In Utah I get traffic routed through Denver and a few other states east of me before hitting certain servers hosted in California.
Unless Google has figured out a way to increase the speed of light, I don't think this new service is really going to change my mind about buying dedicated hardware to play games.
For competitive games it's likely unuseable, but for a game like Assassin's Creed, where super-quick input isn't very important, it's perfectly fine.
I was on a cable internet connection and the display occasionally pixelated during network slowdowns, but there was still no latency noticeable.
I assume that Google has enough data center locations that they can render you at the nearest one.
It scares me because I absolutely do notice the lag, and I can see publishers wanting to move to something like this exclusively in the not too distant future.

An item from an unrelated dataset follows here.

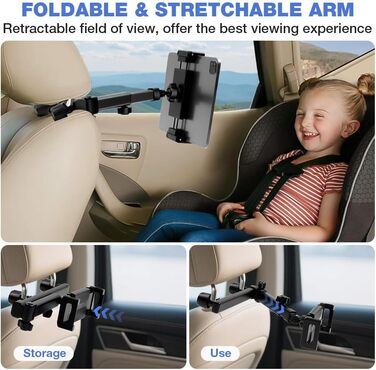 Тримач для планшета в авто AXFEE, висувний, універсальний, для iPad, iPhone, Switch, смартфонів 4.7-16 дюймів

Many years ago, when the Netflix CEO said that they'd switch to video streaming sometime in the future, I thought it was a crazy idea: how could you possibly have so much bandwidth? (I'm not the worlds greatest visionary.)
I think things may go the same way for streaming. If it's cheap enough with no installation hassle, why not?
Try the following: write a simple snake game in JS or whatever your preferred language is. However, instead of turning the snake in the keyDown/keyUp event handlers, start a 60ms timer and change direction only when the timer fires. Experiment with various time intervals and snake speeds to find out what’s the acceptable latency/speed region.
I mentioned Nvidia in another thread but they partnered with Valve/Steam to stream games you purchase there. Steam is unlikely to suddenly fold up and vanish.
Google has an uncomfortable tendency to cancel projects.
If it is a subscription plus purchase games service, they need guarantee of games available to justify the subscription price; either buying or partnering with an existing publisher or distribution channel would be a way to do this (making a deal with Steam where you link your Steam Account and any games you have on Steam are streamable would probably be a bigger win than buying a publisher.)
Stream quality is still far better with Youtube, especially outside North America. Twitch has better community and highlight clip feature.
It's just not adding anything to the conversation anymore. I've seen it 50 times across the past 50 announcements of even the smallest thing Google launches.
Reader was discontinued five and a half years ago. Code search six years ago. Wave seven years ago. Plus wasn't discontinued, it just pivoted to paid G Suite-only. Sometimes well-intentioned products just don't make money. Let's move on.
It’s for Games and gamers. Gamers, especially PC gamers are a very different market than your general genial HN-going techie or casual content consumer. For them a well intentioned product which may “disappear” is something they have increasingly had enough of. Further google doesn’t have the brand reach of Sony, MSFT, valve, Nintendo etc.
If it is a concern I have, then it’s a concern other gamers will have.
while I admit it’s easy to dismiss my 1 line comment as matching some sort of pattern, it wasn’t written with that history in mind. It was written spontaneously and without an agenda.
"Google Announces The End Of Project Stream"
I can't help but think there's a good number of people who just won't use this because it's Google and they will assume it'll be gone in a year or two. I guess the same goes for game developers as well.